Physicists report that they were able to achieve quantum teleportation with silicon photon chips. The chip-to-chip quantum teleportation is expected to bring new prospects and make it possible to create other technological breakthroughs.
Yet, a number of theoretical and technical barriers stand in the way of building full-fledged quantum computers. Quantum computers are seen a key to solving today’s too complex problems which can not be handled by existing most powerful supercomputers. Moreover a quantum internet could protect the information from malicious attacks in a better way. But all these advancements rely on “quantum information” which is typically encoded in a single quantum particle that is extremely difficult to control and measure.
The experiment was conducted by scientists from the University of Bristol in collaboration with the Technical University of Denmark. They have developed devices based on silicon chips, capable of generating and manipulating individual particles of light in programmable nanoscale circuits. Taking advantage of the quantum entanglement phenomenon, it was possible to conduct quantum teleportation between two microcircuits by transferring the state of a quantum particle from one to the other.

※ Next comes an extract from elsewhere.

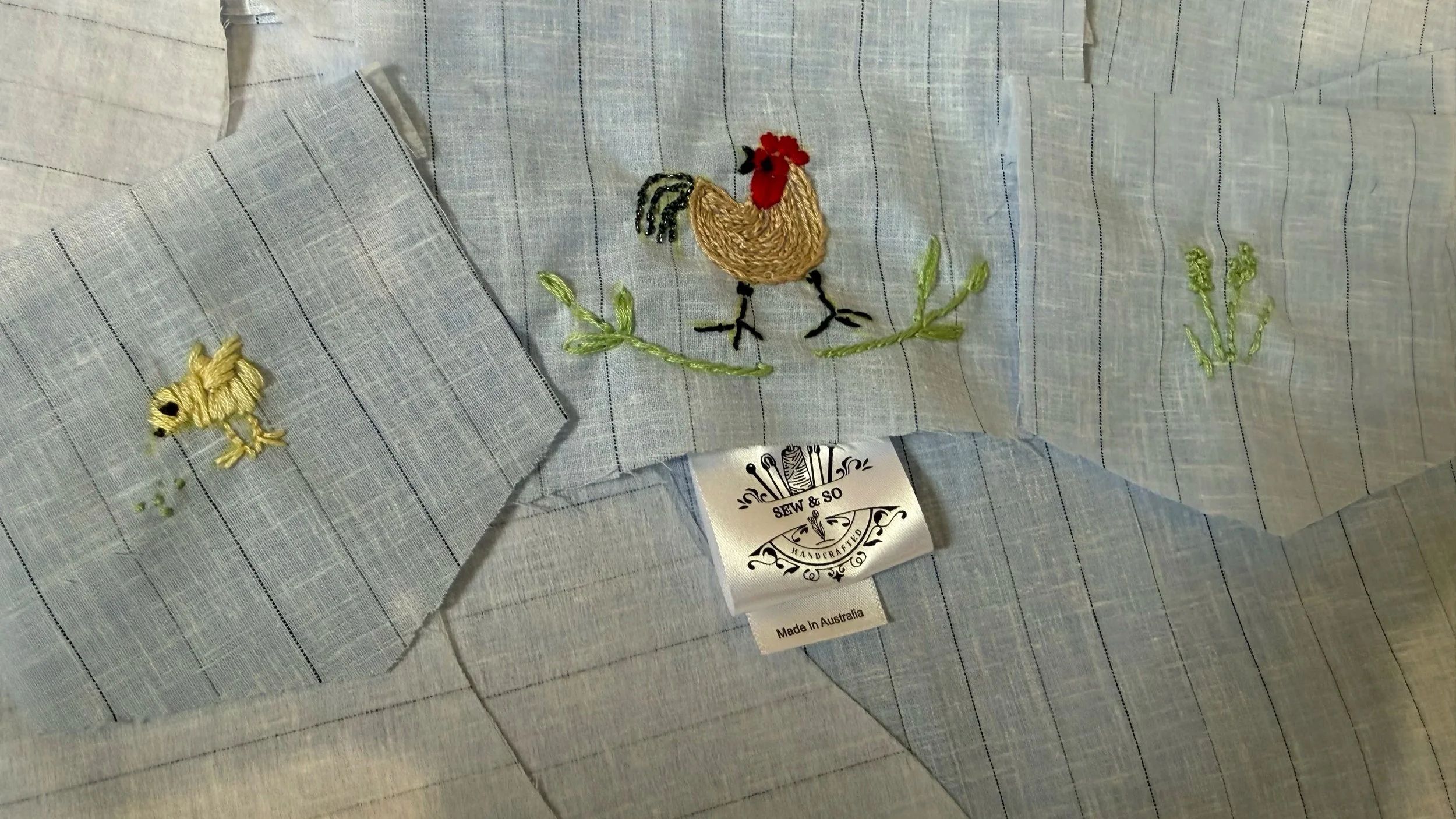 Light blue embroidered fabric with two patches, one of a small yellow chick and another of a brown hen with a red comb, black legs, and green grass embroidery. A black and white label reads "SEW & SO HANDCRAFTED" and "Made in Australia".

An article about the experiment is published in the Nature Physics journal and co-author Dan Llewellyn said: “We were able to demonstrate a high-quality entanglement link across two chips in the lab, where photons on either chip share a single quantum state.”
“Each chip was then fully programmed to perform a range of demonstrations which utilize the entanglement.”
“The flagship demonstration was a two-chip teleportation experiment, whereby the individual quantum state of a particle is transmitted across the two chips after a quantum measurement is performed. This measurement utilizes the strange behavior of quantum physics, which simultaneously collapses the entanglement link and transfers the particle state to another particle already on the receiver chip.”
Physicists claim that they managed to achieve extremely high fidelity of information transfer at 91% and reported low losses, stability and excellent experimental control, which is extremely important for integrated quantum photonics.